Comment: Accepted to Interspeech 2026

AI Summary

This paper introduces Reference-Augmented Training (RAT) for ASV anti-spoofing, which conditions a countermeasure architecture on speaker-reference recordings during training. Surprisingly, the model converges to a solution that largely ignores the reference during inference, yet training with it induces an invariance that significantly improves deepfake detection. RAT achieves state-of-the-art performance on the ASVspoof 5 benchmark, surpassing large ensemble systems, even when the reference is absent or degraded at inference.

Abstract

We introduce a spoofing countermeasure architecture conditioned on speaker-reference recordings, but observe that it converges to a solution that effectively ignores the reference during inference. Surprisingly, training with a reference channel induces invariance that improves deepfake detection, even when the reference is absent or mismatched during inference.
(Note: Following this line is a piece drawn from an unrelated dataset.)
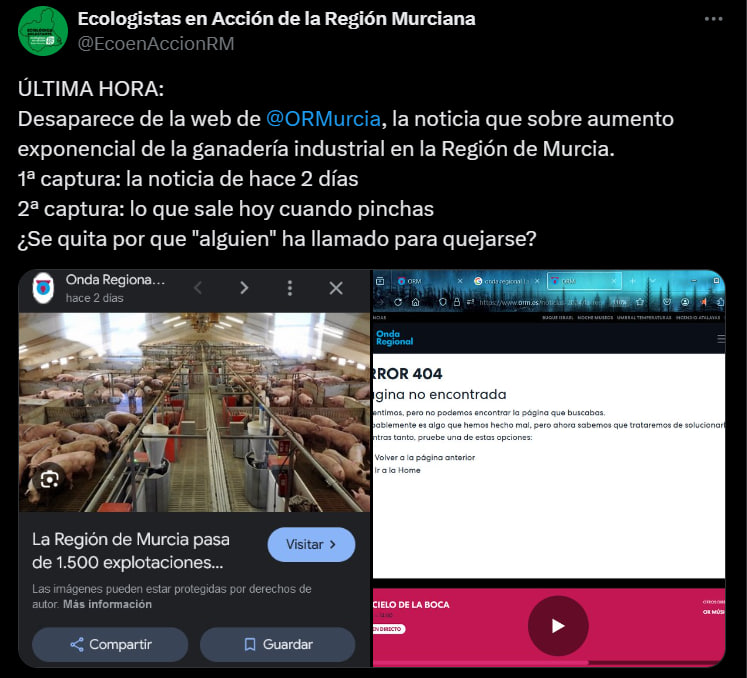 Rectificamos: Parece que nos precipitamos al juzgar el cambio de titular de la noticia. Desde @ORMurcia nos han aclarado que responde a corregir un error en la primera versión, y no a presiones externas. Agradecemos la pronta respuesta La noticia completa: orm.es/noticias-2024/…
Based on this observation, we propose a Reference-Augmented Training (RAT) strategy. RAT yields improved detection performance compared to single-utterance baselines, even when the reference recording is replaced with a zero vector at inference. Through rigorous analysis, we demonstrate that the optimization process rapidly diminishes the reference contributions, leading to inference largely independent of the reference channel. Using RAT, we achieve state-of-the-art 2.57% EER and 0.074 minDCF on the ASVspoof 5 benchmark with a single detector, surpassing even large ensemble systems.


Key findings
RAT achieves state-of-the-art performance on ASVspoof 5 with a single detector, obtaining 2.57% EER and 0.074 minDCF, outperforming larger ensemble systems. A crucial finding is that the model's performance remains robust and high even when the reference recording is replaced with a zero vector, noise, or a mismatched speaker during inference. Analysis showed that the reference's contribution rapidly diminishes during training, leading to inference largely independent of the reference channel.
Approach
They propose a Reference-Augmented Training (RAT) strategy utilizing a Reference-Informed Block (RIB) architecture. This block takes both test and reference speech, extracting features with a shared XLS-R model, and processes them through parallel MLP and Multi-Head Cross-Attention branches. The core insight is that while the reference is used during training, the optimization process diminishes its contribution, leading to a detector that effectively operates as a single-utterance system during inference, maintaining high performance.
Datasets
ASVspoof 5
Model(s)
XLS-R (300M parameters) as a feature extractor, Reference-Informed Block (RIB) comprising an MLP branch and a Multi-Head Cross-Attention branch, and a 3-layer MLP classifier.